Sure. You’re familiar with arranged marriages? We began as an arranged partnership between an editor and author. But we hit it off immediately and had so much fun working together as writer/editor that we decided to work as writer/writer (which really wasn’t a stretch, since the editor half of us was already an established writer and had published several books). We first teamed up to write a TV pilot and then wrote some movie treatments - and then we finally decided to do what we knew best: write a book.

In what ways have your writing processes changed since becoming writing partners? How have they stayed the same?

When you write with someone else, it’s all about teamwork. So although the process itself is similar to writing solo (in that when we sit down to write a scene we have an idea of what we want to accomplish and where we want to go with it) what’s different is that a lot of times we’re dependent on another person for information leading up to that scene and after it. We need to know what our partner is thinking. Writing with someone else requires a lot of joint brainstorming. It’s kind of like the ice dancing competition in the Olympics. Whatever move you make affects your partner. We both had to make sure we were writing in tandem.

What is the hardest part about writing with another person?

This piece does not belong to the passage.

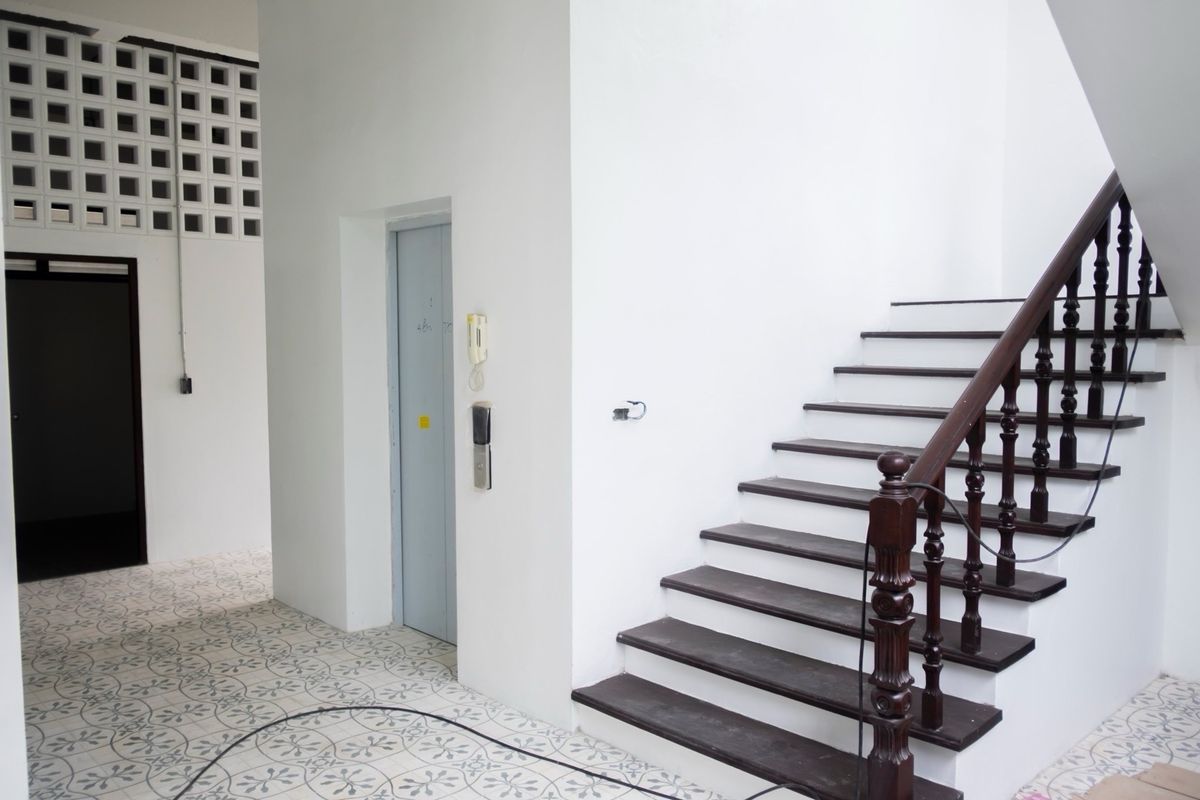 For RentOfficeRamkhamhaeng, Hua Mak : Rental of the Stand Alone Building has a lot of parking elevators, Town in Town, Sriwara Road, Ekkamai - Ram Inthra express. Bangkok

The most fun?

Writing is by nature a solitary endeavor, and when you’re writing with someone else, it can be difficult to remind yourself that you need to stop before you take the book off on that great (!) tangent – and check in with your partner to make sure they’re in agreement.

The most fun part about writing with another person is that instead of enduring what can be a lonely, hard endeavor by yourself, you get to go through it with a friend. While writing we both developed “inside” jokes about characters and situations that no one else could understand, but that the two of us found HILARIOUS.

What inspired you to write Elusion?

We’ve both been impressed with the increased dependence of people, particularly teens, on their devices. More than once we found ourselves discussing what this meant for future generations. When we decided to write a book together, we knew that was a question we wanted to explore, and thought it would be fun to combine it with a really big adventure, some family dynamics AND … a love story (of course!).

Can you tell us a little bit about how you went about writing it together? Did you trade off on chapters or particular characters?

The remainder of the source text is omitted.